• _About this task_
Provide again, from the entries below, every line from the one containing "Curvy Green long" through the one containing "Front view of the", exactly as written, and no other line.

• _Data for processing_
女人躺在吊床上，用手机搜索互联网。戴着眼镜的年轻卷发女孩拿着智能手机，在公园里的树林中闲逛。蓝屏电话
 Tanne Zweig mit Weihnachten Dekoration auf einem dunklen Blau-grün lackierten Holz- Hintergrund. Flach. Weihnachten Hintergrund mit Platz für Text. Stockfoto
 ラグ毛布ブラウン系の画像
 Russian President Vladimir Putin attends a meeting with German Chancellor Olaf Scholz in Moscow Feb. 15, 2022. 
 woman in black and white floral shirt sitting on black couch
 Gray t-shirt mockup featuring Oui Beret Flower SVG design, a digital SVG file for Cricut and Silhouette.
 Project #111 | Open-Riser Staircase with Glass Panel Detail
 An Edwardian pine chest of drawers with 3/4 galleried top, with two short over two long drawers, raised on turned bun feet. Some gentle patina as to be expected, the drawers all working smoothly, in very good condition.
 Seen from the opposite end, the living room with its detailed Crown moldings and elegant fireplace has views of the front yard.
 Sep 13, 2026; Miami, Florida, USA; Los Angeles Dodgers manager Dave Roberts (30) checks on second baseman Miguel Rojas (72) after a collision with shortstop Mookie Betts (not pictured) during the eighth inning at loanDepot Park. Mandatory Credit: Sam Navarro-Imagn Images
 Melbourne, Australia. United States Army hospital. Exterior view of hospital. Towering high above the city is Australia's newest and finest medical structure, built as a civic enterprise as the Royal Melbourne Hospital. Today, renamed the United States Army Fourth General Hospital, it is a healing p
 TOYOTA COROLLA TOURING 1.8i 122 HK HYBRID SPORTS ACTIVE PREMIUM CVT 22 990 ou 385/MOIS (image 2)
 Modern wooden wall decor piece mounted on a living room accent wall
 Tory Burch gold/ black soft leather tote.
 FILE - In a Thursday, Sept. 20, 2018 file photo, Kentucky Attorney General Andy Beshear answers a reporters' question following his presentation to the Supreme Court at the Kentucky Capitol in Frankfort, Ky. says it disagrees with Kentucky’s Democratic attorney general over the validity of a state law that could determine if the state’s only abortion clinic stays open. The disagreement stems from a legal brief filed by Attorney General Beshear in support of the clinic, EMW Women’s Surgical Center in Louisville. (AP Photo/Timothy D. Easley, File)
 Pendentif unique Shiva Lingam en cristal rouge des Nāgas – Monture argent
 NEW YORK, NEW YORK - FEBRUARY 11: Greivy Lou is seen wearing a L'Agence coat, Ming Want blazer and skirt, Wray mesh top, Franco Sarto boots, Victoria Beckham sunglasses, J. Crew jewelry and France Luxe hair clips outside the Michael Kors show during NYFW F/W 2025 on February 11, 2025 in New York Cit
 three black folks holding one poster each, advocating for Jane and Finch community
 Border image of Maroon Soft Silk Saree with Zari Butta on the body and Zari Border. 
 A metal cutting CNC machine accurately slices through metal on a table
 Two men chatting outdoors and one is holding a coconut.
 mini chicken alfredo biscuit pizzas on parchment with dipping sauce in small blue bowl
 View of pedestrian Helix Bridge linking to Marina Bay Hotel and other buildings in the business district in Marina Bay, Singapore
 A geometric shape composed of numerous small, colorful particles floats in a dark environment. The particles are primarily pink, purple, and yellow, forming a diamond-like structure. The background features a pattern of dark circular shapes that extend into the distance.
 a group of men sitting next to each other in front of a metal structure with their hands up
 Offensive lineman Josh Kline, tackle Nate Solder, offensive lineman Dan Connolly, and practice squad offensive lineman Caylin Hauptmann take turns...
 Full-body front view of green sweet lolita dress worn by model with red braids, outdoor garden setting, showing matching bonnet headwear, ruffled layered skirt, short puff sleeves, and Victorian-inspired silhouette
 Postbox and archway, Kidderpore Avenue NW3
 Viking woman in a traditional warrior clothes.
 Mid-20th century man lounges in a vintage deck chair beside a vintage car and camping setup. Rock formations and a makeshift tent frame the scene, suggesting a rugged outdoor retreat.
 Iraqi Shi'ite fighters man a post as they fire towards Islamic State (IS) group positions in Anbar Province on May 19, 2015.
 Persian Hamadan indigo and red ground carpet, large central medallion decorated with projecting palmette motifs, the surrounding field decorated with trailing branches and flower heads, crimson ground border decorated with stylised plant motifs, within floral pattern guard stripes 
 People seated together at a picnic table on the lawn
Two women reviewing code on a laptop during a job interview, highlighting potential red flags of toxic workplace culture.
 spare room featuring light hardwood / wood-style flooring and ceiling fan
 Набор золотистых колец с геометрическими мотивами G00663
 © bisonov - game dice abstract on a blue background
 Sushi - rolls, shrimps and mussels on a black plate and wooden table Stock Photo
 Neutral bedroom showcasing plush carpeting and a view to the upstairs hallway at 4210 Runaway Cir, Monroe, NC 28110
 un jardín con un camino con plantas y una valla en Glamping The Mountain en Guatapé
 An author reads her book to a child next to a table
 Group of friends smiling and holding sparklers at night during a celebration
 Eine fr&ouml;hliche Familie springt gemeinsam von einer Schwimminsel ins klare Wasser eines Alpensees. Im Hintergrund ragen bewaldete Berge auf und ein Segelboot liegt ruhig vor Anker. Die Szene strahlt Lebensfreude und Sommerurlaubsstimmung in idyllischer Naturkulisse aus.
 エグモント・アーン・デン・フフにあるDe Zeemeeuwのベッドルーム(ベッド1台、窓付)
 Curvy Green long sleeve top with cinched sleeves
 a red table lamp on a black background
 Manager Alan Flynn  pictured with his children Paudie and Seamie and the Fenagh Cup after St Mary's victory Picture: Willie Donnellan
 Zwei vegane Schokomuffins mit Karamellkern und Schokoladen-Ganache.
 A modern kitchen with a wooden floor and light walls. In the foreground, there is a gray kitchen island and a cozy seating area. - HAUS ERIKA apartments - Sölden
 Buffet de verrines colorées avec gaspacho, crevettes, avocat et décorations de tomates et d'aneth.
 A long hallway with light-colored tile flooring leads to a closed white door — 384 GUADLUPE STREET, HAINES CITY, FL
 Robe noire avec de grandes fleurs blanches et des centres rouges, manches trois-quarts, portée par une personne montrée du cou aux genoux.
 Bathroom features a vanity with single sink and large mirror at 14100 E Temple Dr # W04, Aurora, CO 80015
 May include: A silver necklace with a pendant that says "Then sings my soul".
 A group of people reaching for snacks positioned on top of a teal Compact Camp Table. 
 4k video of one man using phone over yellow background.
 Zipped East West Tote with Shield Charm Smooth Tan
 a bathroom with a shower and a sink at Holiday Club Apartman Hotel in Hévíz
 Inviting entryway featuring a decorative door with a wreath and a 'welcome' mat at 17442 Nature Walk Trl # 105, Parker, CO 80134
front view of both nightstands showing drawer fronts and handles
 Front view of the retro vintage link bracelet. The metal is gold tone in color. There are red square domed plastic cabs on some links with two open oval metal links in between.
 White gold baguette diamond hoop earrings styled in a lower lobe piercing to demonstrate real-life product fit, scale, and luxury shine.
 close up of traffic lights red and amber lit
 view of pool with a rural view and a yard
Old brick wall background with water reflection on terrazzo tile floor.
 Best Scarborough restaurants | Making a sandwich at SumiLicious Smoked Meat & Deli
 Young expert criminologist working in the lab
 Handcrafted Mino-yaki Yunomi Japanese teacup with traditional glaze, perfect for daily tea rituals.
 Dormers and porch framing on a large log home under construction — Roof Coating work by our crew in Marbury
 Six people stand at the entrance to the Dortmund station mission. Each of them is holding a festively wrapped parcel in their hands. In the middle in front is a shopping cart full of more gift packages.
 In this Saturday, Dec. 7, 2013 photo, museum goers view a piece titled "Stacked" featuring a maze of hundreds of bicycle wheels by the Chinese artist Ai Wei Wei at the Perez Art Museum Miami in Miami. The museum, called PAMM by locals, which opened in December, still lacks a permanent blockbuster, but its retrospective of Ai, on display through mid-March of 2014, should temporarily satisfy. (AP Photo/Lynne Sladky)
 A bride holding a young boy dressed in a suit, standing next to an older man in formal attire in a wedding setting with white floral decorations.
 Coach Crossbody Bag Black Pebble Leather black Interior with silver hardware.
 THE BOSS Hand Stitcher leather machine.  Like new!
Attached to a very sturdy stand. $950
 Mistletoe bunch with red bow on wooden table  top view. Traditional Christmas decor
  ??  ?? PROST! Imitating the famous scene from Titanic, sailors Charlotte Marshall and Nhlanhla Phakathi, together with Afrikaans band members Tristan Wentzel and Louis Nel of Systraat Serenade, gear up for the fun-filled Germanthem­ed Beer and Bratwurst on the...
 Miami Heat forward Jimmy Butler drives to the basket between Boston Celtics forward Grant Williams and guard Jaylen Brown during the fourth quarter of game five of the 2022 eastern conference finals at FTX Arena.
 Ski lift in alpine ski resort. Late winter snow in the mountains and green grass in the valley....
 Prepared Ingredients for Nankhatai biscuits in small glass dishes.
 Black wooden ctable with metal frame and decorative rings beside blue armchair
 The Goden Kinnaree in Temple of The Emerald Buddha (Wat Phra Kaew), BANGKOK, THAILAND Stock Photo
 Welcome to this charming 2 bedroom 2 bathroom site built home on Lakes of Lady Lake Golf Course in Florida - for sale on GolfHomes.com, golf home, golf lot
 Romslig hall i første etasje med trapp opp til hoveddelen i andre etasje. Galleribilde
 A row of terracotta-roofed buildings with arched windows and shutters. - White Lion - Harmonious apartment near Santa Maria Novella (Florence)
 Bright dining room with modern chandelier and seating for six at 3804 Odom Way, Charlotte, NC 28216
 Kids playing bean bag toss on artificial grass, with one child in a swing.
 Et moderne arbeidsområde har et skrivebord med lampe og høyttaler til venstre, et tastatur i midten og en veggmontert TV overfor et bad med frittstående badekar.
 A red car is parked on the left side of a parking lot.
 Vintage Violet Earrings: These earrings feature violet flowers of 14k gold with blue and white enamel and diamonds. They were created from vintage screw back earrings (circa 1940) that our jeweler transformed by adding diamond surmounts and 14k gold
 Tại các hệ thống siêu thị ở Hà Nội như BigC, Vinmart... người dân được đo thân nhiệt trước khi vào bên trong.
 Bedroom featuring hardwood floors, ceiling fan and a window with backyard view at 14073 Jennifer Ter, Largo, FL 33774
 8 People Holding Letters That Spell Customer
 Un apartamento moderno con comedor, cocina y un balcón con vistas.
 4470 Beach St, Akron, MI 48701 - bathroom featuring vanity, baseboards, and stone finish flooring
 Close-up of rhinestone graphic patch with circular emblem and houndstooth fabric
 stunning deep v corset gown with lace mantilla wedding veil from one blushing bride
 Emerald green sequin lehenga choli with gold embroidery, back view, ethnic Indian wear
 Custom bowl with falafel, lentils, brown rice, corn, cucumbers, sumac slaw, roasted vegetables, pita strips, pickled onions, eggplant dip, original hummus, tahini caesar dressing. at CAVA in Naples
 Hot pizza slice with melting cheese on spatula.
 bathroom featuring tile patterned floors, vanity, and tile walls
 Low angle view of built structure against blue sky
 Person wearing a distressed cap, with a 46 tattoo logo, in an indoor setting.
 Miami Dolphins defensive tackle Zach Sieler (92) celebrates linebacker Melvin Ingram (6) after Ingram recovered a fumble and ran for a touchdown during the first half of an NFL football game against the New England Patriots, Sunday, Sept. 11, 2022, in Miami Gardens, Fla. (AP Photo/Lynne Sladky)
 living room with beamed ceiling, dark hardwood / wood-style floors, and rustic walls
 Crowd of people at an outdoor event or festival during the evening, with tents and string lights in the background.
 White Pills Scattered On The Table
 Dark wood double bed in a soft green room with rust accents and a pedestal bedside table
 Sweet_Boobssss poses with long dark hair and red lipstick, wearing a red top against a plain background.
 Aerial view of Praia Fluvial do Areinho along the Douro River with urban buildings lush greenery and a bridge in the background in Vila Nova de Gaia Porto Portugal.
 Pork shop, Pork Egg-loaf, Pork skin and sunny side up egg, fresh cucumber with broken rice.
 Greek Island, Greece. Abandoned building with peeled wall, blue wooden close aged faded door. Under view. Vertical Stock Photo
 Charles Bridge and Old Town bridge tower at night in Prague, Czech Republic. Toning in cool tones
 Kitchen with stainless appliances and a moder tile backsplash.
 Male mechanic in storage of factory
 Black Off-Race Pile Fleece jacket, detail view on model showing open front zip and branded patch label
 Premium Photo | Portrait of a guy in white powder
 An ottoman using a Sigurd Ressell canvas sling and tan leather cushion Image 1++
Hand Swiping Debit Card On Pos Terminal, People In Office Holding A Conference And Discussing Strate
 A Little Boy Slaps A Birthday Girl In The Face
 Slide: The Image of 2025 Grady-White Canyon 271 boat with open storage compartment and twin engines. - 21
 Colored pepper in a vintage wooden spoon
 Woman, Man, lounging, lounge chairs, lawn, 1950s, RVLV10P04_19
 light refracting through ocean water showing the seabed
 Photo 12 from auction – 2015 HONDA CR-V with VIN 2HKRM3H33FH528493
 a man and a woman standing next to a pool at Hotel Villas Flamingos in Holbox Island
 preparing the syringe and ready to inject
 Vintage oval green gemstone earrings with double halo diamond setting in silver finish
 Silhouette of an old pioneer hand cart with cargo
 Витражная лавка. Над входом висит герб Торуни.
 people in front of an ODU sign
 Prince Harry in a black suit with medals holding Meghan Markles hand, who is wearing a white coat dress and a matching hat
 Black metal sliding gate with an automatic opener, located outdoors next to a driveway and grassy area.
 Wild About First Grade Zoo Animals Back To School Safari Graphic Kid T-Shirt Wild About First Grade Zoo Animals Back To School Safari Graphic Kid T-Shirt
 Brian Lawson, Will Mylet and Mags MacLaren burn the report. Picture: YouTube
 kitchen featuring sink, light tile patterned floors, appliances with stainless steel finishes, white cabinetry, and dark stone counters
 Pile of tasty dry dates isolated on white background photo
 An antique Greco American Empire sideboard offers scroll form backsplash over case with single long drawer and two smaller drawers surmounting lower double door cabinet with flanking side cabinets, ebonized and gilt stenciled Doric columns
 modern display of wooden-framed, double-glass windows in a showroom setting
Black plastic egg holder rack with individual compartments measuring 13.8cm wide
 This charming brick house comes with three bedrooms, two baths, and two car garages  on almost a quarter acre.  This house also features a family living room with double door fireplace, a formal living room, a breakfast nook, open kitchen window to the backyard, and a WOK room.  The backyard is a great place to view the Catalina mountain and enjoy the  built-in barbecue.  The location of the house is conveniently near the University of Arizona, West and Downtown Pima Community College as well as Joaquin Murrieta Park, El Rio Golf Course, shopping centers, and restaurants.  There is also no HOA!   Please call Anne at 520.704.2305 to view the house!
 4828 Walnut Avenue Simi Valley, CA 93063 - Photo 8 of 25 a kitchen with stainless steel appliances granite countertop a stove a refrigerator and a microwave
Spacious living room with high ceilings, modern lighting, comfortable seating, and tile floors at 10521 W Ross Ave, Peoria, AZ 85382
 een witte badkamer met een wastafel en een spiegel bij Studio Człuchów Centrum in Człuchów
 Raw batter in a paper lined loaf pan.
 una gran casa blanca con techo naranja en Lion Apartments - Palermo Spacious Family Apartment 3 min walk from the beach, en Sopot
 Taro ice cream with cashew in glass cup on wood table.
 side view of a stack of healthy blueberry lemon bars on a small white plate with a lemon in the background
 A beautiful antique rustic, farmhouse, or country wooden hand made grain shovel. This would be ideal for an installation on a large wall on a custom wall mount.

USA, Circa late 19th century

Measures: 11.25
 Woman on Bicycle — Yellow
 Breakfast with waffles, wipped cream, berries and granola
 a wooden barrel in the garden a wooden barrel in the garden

• _Solution to this exercise_
 Curvy Green long sleeve top with cinched sleeves
 a red table lamp on a black background
 Manager Alan Flynn  pictured with his children Paudie and Seamie and the Fenagh Cup after St Mary's victory Picture: Willie Donnellan
 Zwei vegane Schokomuffins mit Karamellkern und Schokoladen-Ganache.
 A modern kitchen with a wooden floor and light walls. In the foreground, there is a gray kitchen island and a cozy seating area. - HAUS ERIKA apartments - Sölden
 Buffet de verrines colorées avec gaspacho, crevettes, avocat et décorations de tomates et d'aneth.
 A long hallway with light-colored tile flooring leads to a closed white door — 384 GUADLUPE STREET, HAINES CITY, FL
 Robe noire avec de grandes fleurs blanches et des centres rouges, manches trois-quarts, portée par une personne montrée du cou aux genoux.
 Bathroom features a vanity with single sink and large mirror at 14100 E Temple Dr # W04, Aurora, CO 80015
 May include: A silver necklace with a pendant that says "Then sings my soul".
 A group of people reaching for snacks positioned on top of a teal Compact Camp Table. 
 4k video of one man using phone over yellow background.
 Zipped East West Tote with Shield Charm Smooth Tan
 a bathroom with a shower and a sink at Holiday Club Apartman Hotel in Hévíz
 Inviting entryway featuring a decorative door with a wreath and a 'welcome' mat at 17442 Nature Walk Trl # 105, Parker, CO 80134
front view of both nightstands showing drawer fronts and handles
 Front view of the retro vintage link bracelet. The metal is gold tone in color. There are red square domed plastic cabs on some links with two open oval metal links in between.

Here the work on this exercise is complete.